A URL in Any Language
The Internet may touch all corners of the globe, but for millions of people it still remains frustratingly out of touch. The URL—that web address that connects users to content—has long remained limited to a handful of Latin-based characters.
This year, we are witnessing the emergence of full-length URLs in non-Latin scripts, known as internationalized domain names (IDNs). Here are three working examples:
- правительство.рф (http://правительство.рф)
- παράδειγμα.δοκιμή (http://παράδειγμα.δοκιμή)
- 례.테스트 (http://실례.테스트)
To give you an idea of just how many different scripts can be supported, the following exhibit includes the top-level IDNs that have, as of May 2011, received formal approval by ICANN. The IDNs are displayed next to their country code equivalents.
The regions represented here constitute more than 2.5 billion people, most of whom do not speak English as a native language. The regions also represent where most of the growth in Internet usage will occur over the next decade.
IDNs promise to improve the Internet for millions of people, but they also face obstacles to widespread adoption. This article provides an overview of IDNs as well as these obstacles, and the challenges that web developers will face as IDNs become more common.
The Year of the IDN
An IDN is a domain name that supports one or more non-ASCII characters. This means that any accented character (e.g., ä or é) would turn a conventional domain into an IDN. For example, the German liqueur Jägermeister uses the IDN jägermeister.com. But IDNs are getting the most attention these days for their support for non-Latin scripts such as Arabic, Hebrew, Greek, Cyrillic, and Chinese.
IDNs have been around for a number of years, but mostly limited to functioning as partial IDNs—a name that’s only partly composed of non-Latin characters. For example, президент.ru (the home page of the Russian President) is a partial IDN. While the second-level domain name (президент) is in Cyrillic, the top-level domain name (.ru), is still in ASCII. The Internet protocol strings such as "http" and "ftp" remain in ASCII.
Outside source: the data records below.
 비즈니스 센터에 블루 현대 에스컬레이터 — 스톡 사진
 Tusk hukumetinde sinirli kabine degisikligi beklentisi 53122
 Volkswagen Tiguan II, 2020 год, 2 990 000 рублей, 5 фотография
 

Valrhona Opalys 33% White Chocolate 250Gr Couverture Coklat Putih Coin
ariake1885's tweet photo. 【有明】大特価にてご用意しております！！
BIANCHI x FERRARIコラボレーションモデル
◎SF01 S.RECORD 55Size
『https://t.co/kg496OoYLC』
Although partial IDNs function perfectly well, they’re not very practical because they require the user to switch keyboard inputs midstream. That's why the recent introduction of support for non-ASCII top-level domain names is significant.
What About IDNs and .com?
The .com domain name is the world’s most popular top-level domain (TLD) name. In June of this year, ICANN gave the green light to the expansion of generic TLDs (such as .com and .net) in different scripts. VeriSign, the owner of .com, has made it clear that is intends to offer language-specific versions of .com in the years ahead. Given VeriSign's market power, it's safe to say that many people will become aware of IDNs once .com goes multilingual.
How IDNs Work
The Internet was not designed to be multilingual. The domain name system (DNS) was intended only to support the characters a through z, A through Z, 0 through 9, and the hyphen. Upgrading the DNS to support upwards of 100,000 characters is no trivial feat.
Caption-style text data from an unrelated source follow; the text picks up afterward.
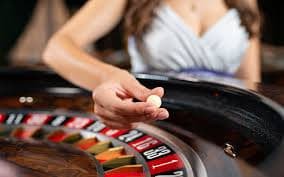 Dashboard utama sempurnatoto menampilkan kategori permainan – slot, live dealer, sportsbook, dan esports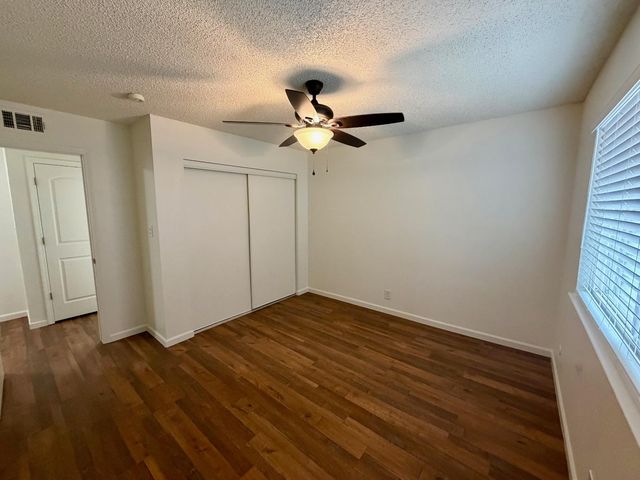 431 W Alamos, Clovis, CA 93612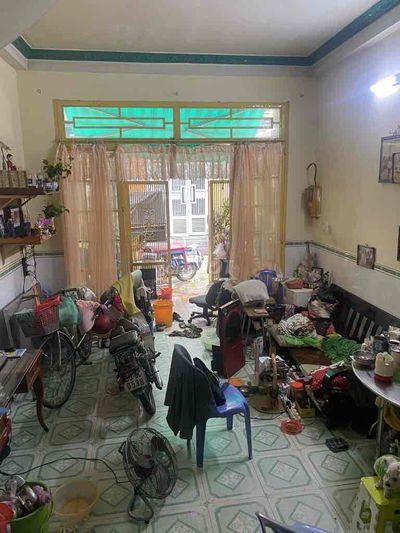 3 LẦU BAN CÔNG - ĐƯỜNG MỄ CỐC P15 Q8 - SAU LƯNG TRẠM Y TẾ.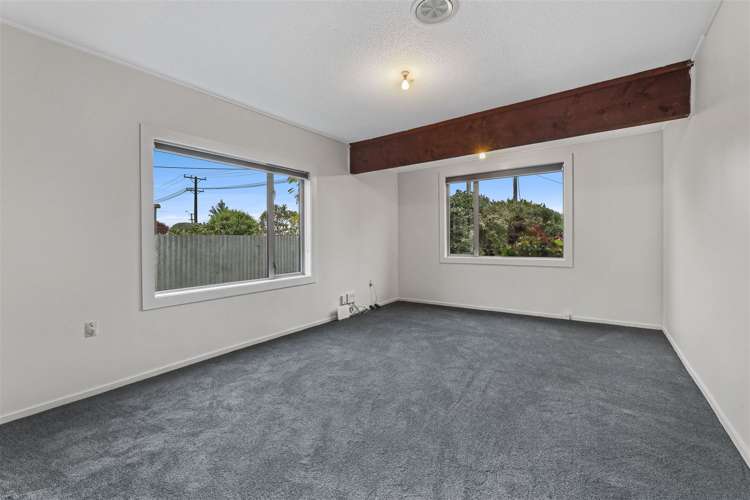 6 Riwai Street Templeton_8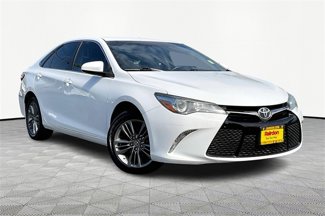 Used 2017 Toyota Camry SE image 1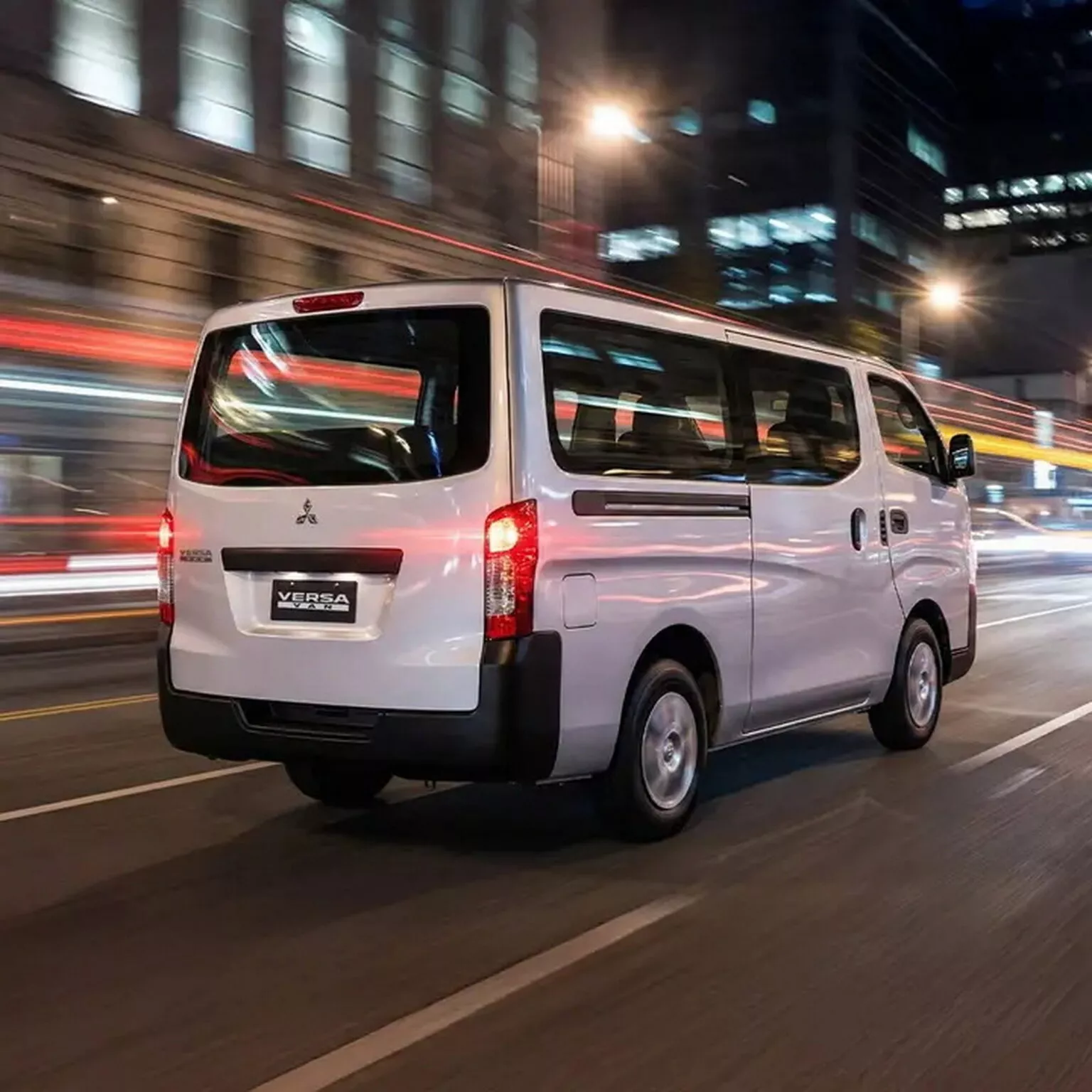 Mitsubishi Versa Van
In fact, the DNS has not been upgraded. The name servers scattered around the world—the servers that translate domain names into their numeric IP addresses—still only support ASCII characters. But what has changed is the addition of a sort of multilingual translation service at the front end (the user’s browser) to supplement the DNS.
When an IDN is input, the web browser algorithmically converts it into an odd-looking combination of ASCII characters (known as punycode).
For example, the IDN for McDonald’s Russia (макдональдс.рф) is converted to the punycode equivalent http://xn--80aalb1aicli8a5i.xn--p1ai/. It is this punycode string that is sent to the name server. When an IDN is initially registered, it is this punycode address that is stored within the name server.
Why Is There Punycode in My Browser?
Users of IDNs may notice punycode showing up their web browsers, such as this example from Chrome:
This is usually intentional. With Internet Explorer, Chrome, and Firefox, the IDN is generally displayed in punycode format unless the language preference of the browser matches the language of the IDN.
There are real and perceived security fears that IDNs may be used to trick users into visiting phony websites. For example, рayрal.com and paypal.com are actually two different domains (the first uses the Cyrillic character "р"). To minimize this risk, some IDNs, such as the Russian IDN, do not permit mixed-script domain names. Of course, it's important that registries enforce these limitations, which remains to be seen.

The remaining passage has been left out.